#### Data provided
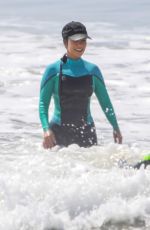 KOURTNEY KARDASHIAN in Wetsuit at Surf Lesson in Malibu 09/27/2020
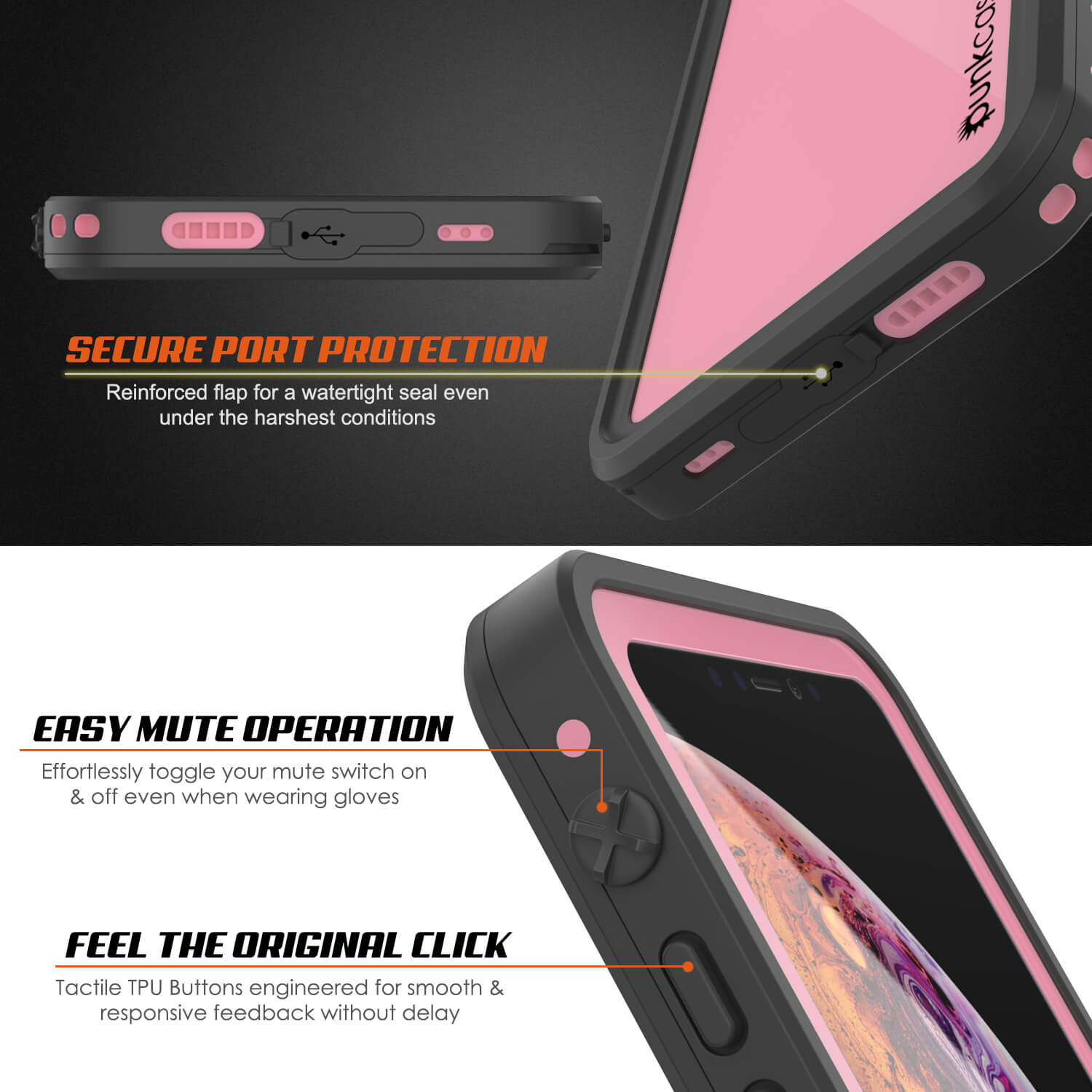 iPhone XR Waterproof IP68 Case, Punkcase [Pink] [StudStar Series] [Slim Fit] [Dirtproof]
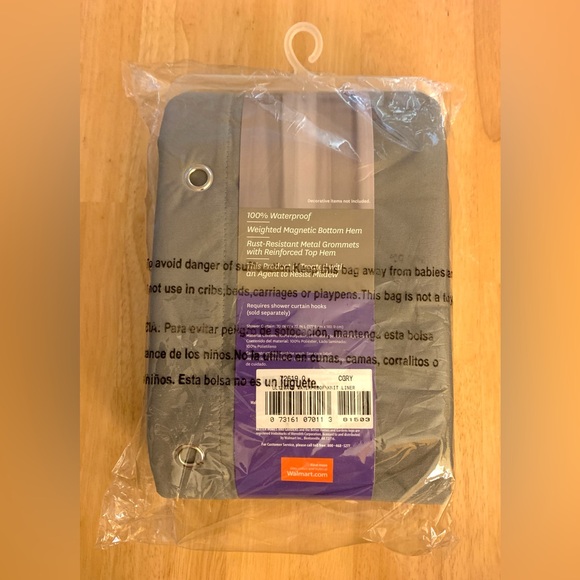 NWT Shower Liner (solid gray) - Picture 2 of 8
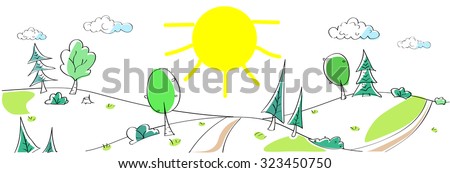 Summer Landscape Mountain Forest Road Sun Green Grass Tree Woods Sketch Simple Line Child Hand Drawing Vector Illustration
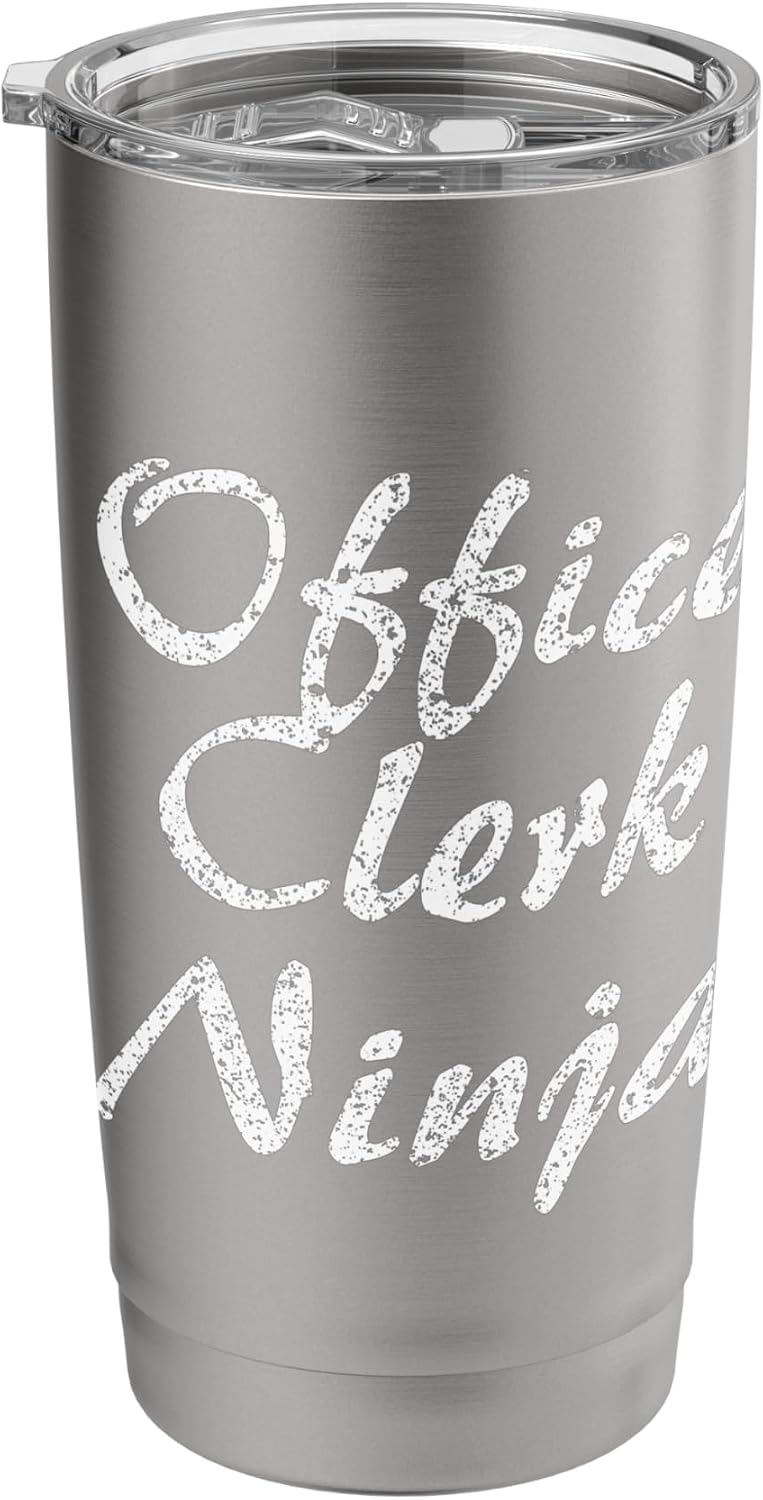 Office Clerk Tshirt Job Occupation Funny Work Title Stainless Steel Insulated Tumbler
########
#### Required action:
Begin at the first line of the listing and print each line exactly. Stop after the line containing "NWT Shower Liner", and omit all pictures.

#### Solution to the exercise:
 KOURTNEY KARDASHIAN in Wetsuit at Surf Lesson in Malibu 09/27/2020
 iPhone XR Waterproof IP68 Case, Punkcase [Pink] [StudStar Series] [Slim Fit] [Dirtproof]
 NWT Shower Liner (solid gray) - Picture 2 of 8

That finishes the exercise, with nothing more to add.